Swill milk was the chief culprit in soaring infant mortality in New York City between 1880 and 2000. Annually there were some 150,000 cases of diphtheria, resulting in 15,000 deaths a year. A Swiss scientist, Edwin Klebs, identified the causative bacteria, Corynebacterium diphtheriae, in 1883. A decade later, a German scientist, Emil von Behring, dubbed the “Saviour of Children” developed an anti-toxin to diphtheria and was awarded the Nobel Prize in 1901for the achievement.
The casualties were primarily infants whose mortality rate in NYC at the time was 240 deaths per 1000 live births. Many of these would be traced back to milk infected with TB, typhoid, Strep induced Scarlet Fever and Diphtheria. The casualties were primarily infants whose mortality rate in NYC at the time was 240 deaths per 1000 live births.
The process of heating liquid to purify it, or pasteurization, was discovered by Louis Pasteur in 1856, not with milk but with wine. Its’ use on a broad scale to purify milk first gained serious traction in 1878 after Harper’s Weekly published an expose’ on “Swill Milk.” But major producers and distributors resisted regulation until 1913 when a massive typhoid epidemic from infected milk killed thousands of New York infants.
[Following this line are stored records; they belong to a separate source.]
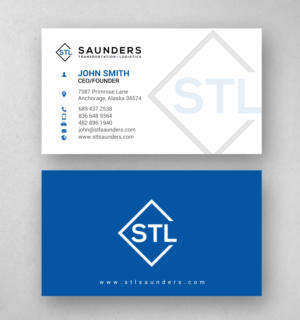 Stationery Design by chandrayaan.creative for this project | Design: #20908734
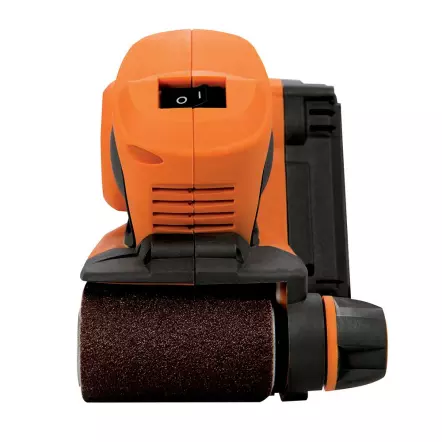 TRITON - TCMBS Ponceuse à bande compacte 64 mm 450 W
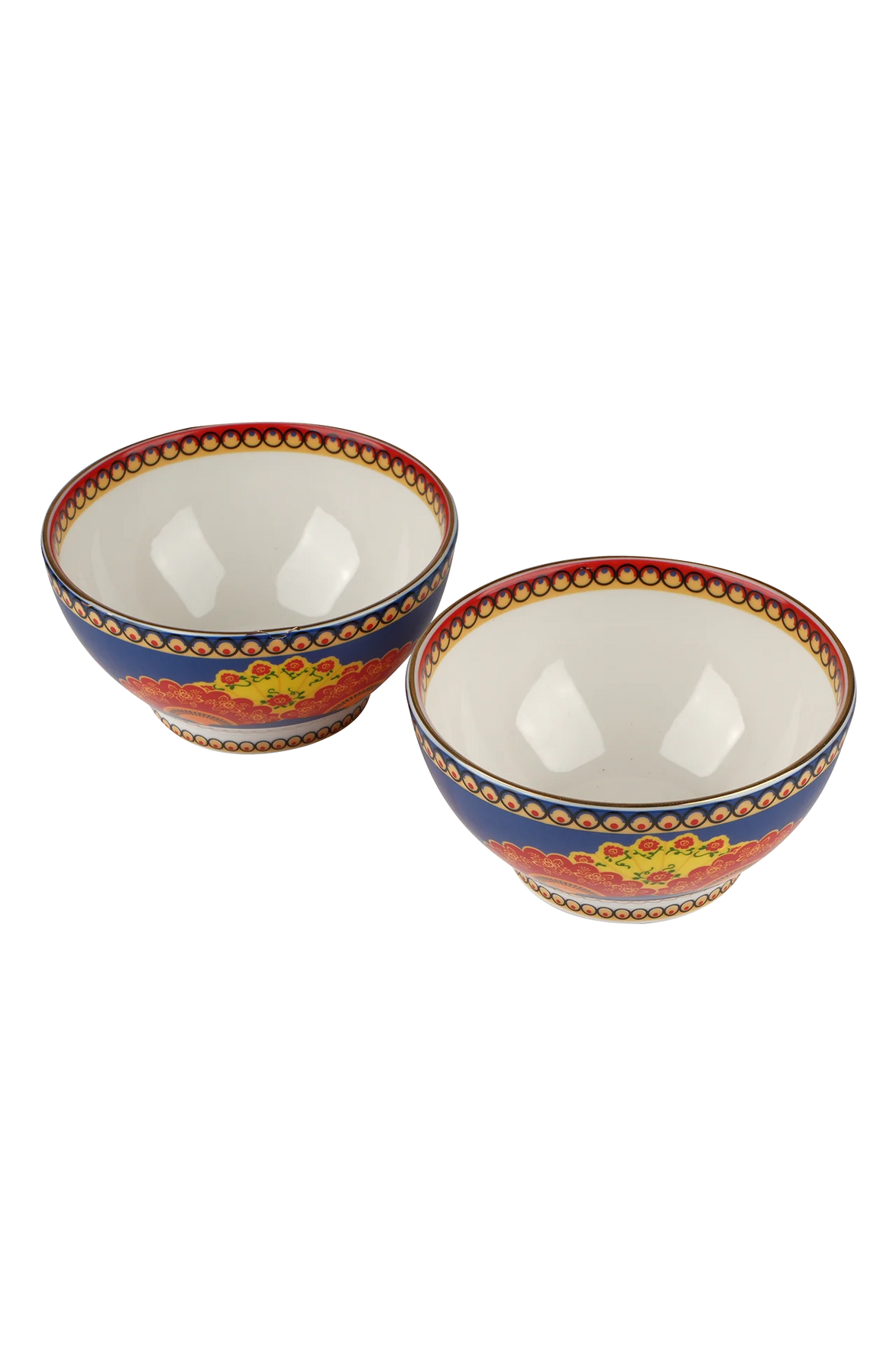 Sevilla Kase (2’li Set)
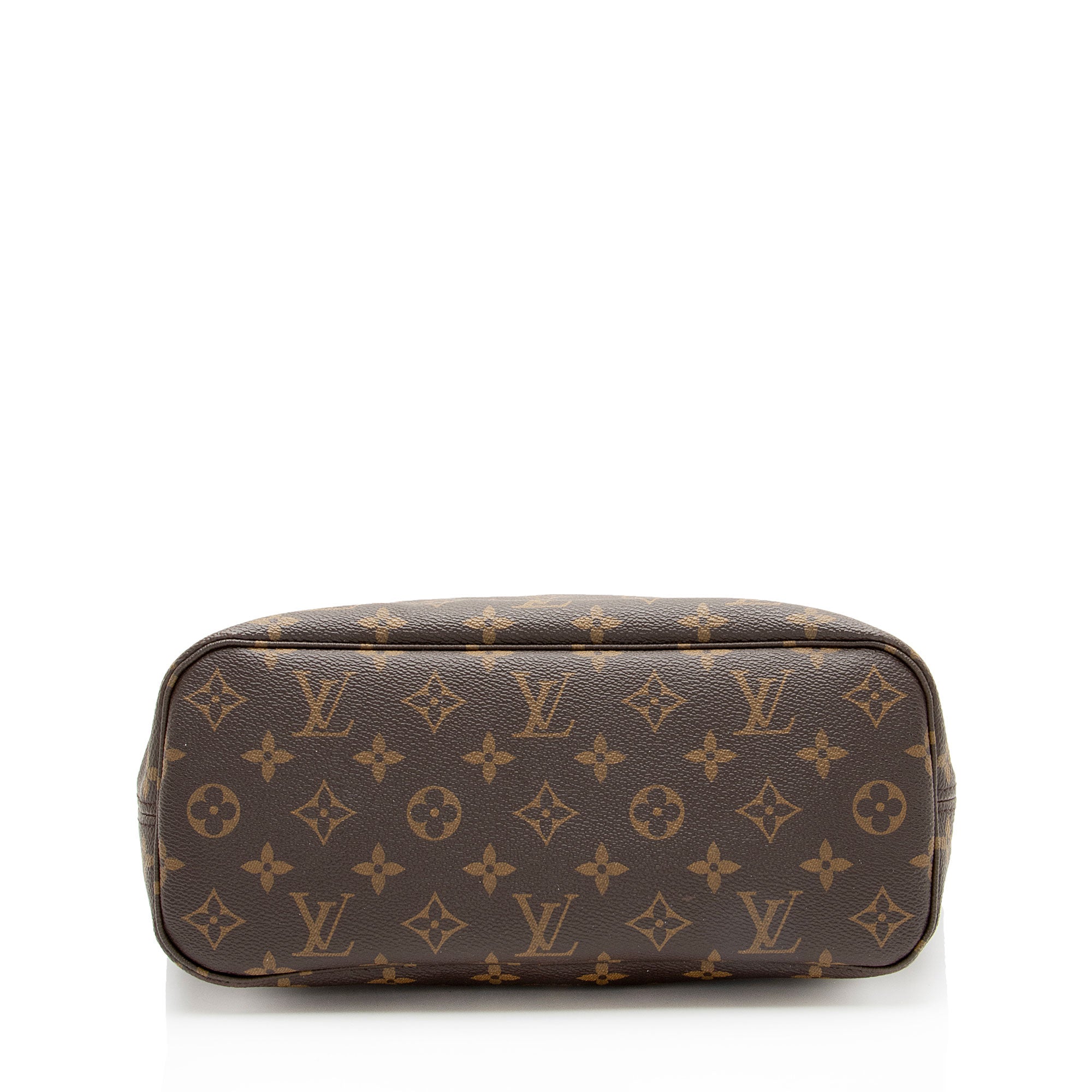 Louis Vuitton Monogram Canvas Neverfull PM Tote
But diphtheria remained the most feared killer of infants.
As Paul DeKruif wrote in his 1926 book, The Microbe Hunters, “The wards of the hospitals for sick children were melancholy with a forlorn wailing; there were gurgling coughs foretelling suffocation; on the sad rows of narrow beds were white pillows framing small faces blue with the strangling grip of an unknown hand.”
One such victim was the only child of two physicians, Abraham and Mary Putnam Jacobi whose 7-year old son, Ernst, was claimed by the disease in 1883. Working with philathroper, Nathan Straus, the Jacobi’s established pasteurized milk stations in the city which coincided with a 70% decline in infant mortality from diphtheria, tuberculosis and a range of other infectious diseases.
By 1902, the horses hero status was reclaimed as it became the source of diphtheria and tetanus anti-toxins. The bacteria were injected into the horses, and after a number of passes, serum collected from the horse was laden with protective anti-toxins, relatively safe for human use. In 1901 alone, New York City purchased and delivered 25,000 does of ant-toxin funded by the Red Cross and the Metropolitan Life Insurance Company.